Wow what a fabulous first season on this one. Every job throws up its technical challenges, this one was no exception mainly with the distances, cable runs and in one case a lake in the way.
We love a challenge though. The Ragley Hall location had us taking 1.5 km of fibre through the lake to the other side. This gave us two fixed cameras to relay images of a field of 200 cannons back to the big screen. Thankfully we did have a boat…nobody was up for a swim (need to find a tougher crew!)
The orchestra provided a different set of challenges. We wanted to give the audience a view they’d never experienced before. Up close and personal. By setting HD mini-cams amongst the music stands we were able to achieve this. It has the advantage of keeping camera operators off the stage a little more too. No matter where you put cameras though, understanding what you are filming is key to the success. We have a musical director, Cayenna, for all of our musical LIVE broadcasts. Cayenna’s role is to read the music score, guiding our vision director to give us the key shots as the musicians play. The audience get a first class production, seeing the lead musicians as they hear them, hitting the note with the visuals every time, rather than a reactive production.

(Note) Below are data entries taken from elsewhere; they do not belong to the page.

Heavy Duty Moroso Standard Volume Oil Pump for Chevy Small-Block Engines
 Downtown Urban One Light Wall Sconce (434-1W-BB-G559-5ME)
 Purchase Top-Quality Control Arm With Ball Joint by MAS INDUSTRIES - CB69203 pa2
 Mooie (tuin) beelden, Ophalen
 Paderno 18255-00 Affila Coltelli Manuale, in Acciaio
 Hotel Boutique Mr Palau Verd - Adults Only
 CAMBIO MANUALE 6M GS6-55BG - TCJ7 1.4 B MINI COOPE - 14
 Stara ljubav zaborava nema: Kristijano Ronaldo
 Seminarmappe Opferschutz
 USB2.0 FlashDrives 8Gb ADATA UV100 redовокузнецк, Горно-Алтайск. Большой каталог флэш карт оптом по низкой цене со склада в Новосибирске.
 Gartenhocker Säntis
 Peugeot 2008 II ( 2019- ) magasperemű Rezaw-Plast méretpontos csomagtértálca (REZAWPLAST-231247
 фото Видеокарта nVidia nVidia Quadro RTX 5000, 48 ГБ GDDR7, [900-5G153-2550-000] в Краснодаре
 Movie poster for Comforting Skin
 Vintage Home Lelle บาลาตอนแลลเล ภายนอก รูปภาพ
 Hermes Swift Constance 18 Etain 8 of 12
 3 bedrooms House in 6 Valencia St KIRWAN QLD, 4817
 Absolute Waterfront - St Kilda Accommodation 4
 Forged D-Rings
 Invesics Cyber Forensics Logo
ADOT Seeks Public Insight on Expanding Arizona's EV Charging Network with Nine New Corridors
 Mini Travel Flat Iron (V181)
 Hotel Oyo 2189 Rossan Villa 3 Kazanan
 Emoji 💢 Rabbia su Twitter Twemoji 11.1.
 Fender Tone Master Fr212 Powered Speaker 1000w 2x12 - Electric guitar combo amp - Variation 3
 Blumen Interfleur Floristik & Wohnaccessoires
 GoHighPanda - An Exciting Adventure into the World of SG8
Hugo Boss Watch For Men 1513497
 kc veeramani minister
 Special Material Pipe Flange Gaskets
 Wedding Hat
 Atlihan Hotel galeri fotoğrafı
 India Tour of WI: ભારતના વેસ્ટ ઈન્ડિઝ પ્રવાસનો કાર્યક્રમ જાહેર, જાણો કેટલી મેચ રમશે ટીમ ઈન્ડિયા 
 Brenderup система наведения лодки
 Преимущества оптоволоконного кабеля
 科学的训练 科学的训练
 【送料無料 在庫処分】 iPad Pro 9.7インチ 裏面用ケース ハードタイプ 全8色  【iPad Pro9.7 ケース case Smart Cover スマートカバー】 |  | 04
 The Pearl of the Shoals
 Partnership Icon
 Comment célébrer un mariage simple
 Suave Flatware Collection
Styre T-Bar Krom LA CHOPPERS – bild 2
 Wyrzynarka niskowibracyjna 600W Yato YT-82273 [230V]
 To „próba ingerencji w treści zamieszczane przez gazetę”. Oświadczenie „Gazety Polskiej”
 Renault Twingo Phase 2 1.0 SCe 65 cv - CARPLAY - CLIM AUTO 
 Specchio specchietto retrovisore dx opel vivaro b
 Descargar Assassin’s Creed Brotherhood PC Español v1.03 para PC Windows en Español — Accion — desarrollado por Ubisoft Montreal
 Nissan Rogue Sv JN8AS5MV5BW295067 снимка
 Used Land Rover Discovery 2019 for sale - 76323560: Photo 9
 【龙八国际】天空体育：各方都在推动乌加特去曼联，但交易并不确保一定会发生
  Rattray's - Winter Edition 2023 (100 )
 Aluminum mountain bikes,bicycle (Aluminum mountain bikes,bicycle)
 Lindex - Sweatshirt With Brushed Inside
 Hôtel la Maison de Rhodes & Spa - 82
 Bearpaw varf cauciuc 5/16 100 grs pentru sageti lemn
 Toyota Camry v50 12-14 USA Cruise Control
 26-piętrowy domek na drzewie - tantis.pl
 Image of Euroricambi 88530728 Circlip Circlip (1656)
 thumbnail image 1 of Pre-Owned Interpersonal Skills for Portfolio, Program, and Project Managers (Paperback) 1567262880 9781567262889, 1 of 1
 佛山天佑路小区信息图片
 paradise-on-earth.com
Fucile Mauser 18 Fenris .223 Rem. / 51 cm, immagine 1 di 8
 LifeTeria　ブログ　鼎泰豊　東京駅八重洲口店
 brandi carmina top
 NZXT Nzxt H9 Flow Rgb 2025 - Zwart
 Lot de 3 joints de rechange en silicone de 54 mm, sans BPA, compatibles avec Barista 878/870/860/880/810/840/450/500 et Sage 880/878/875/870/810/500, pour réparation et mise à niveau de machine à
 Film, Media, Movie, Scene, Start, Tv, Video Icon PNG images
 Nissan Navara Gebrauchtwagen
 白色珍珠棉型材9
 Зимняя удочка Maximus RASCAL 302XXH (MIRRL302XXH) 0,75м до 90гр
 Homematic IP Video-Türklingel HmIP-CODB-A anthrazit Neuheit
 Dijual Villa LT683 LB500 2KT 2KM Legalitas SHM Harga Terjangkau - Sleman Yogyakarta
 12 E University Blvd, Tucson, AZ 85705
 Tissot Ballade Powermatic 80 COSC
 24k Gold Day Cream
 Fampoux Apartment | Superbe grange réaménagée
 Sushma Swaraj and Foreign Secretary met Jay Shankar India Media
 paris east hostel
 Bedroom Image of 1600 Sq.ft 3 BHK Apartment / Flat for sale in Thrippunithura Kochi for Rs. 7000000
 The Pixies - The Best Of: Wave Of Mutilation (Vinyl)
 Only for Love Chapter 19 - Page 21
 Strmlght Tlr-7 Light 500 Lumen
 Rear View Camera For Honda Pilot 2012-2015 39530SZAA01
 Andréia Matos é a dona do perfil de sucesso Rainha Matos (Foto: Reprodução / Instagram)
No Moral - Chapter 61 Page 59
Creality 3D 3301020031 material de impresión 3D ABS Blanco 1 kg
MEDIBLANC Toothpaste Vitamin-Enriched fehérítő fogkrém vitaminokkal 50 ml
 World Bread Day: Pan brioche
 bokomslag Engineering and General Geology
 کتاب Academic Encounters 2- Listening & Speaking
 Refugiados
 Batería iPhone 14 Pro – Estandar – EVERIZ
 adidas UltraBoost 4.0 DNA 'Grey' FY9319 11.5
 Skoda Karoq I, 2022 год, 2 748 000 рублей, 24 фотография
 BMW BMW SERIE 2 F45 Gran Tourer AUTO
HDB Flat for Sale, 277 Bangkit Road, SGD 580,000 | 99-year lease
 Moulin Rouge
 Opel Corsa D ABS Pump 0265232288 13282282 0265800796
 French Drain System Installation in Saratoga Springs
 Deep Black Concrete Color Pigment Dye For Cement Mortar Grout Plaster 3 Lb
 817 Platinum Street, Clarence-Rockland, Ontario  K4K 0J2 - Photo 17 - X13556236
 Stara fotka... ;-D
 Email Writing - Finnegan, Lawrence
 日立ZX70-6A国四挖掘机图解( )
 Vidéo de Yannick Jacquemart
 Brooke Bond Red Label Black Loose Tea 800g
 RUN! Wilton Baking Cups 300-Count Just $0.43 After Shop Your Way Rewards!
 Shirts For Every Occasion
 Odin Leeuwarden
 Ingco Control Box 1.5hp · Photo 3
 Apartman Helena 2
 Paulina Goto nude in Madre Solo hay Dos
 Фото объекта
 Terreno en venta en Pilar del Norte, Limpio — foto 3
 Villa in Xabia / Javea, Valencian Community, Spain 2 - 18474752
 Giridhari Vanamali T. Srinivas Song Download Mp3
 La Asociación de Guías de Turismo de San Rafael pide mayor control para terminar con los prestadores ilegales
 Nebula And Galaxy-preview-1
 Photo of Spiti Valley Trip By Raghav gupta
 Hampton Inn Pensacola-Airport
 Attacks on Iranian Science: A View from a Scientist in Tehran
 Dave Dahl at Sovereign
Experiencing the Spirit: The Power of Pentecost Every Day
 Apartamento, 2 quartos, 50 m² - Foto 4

Minimising our crew levels has always been a priority for us. There is the benefit to the client in cost, and also our own impact on the environment, something we promote as a Social Enterprise built around these goals. What this does however mean is a busy time for the two camera crew on this job. Each operator had multiple camera positions throughout the 7 hour shows. We had deployed additional cable runs into position, allowing them to move cameras and tripods throughout the show, as the action dictated the changes.
Bang… the evening gun salute. It catches the best of cameramen each time. The 18 pound First World War Gun really packs a loud punch. Take a look with this short clip.
John and his team of gunners have been really helpful over this season, advising on shot locations and camera positioning. Having this relationship has helped to keep our crew safe whilst delivering some new angles, getting better shots than previously experienced at these events.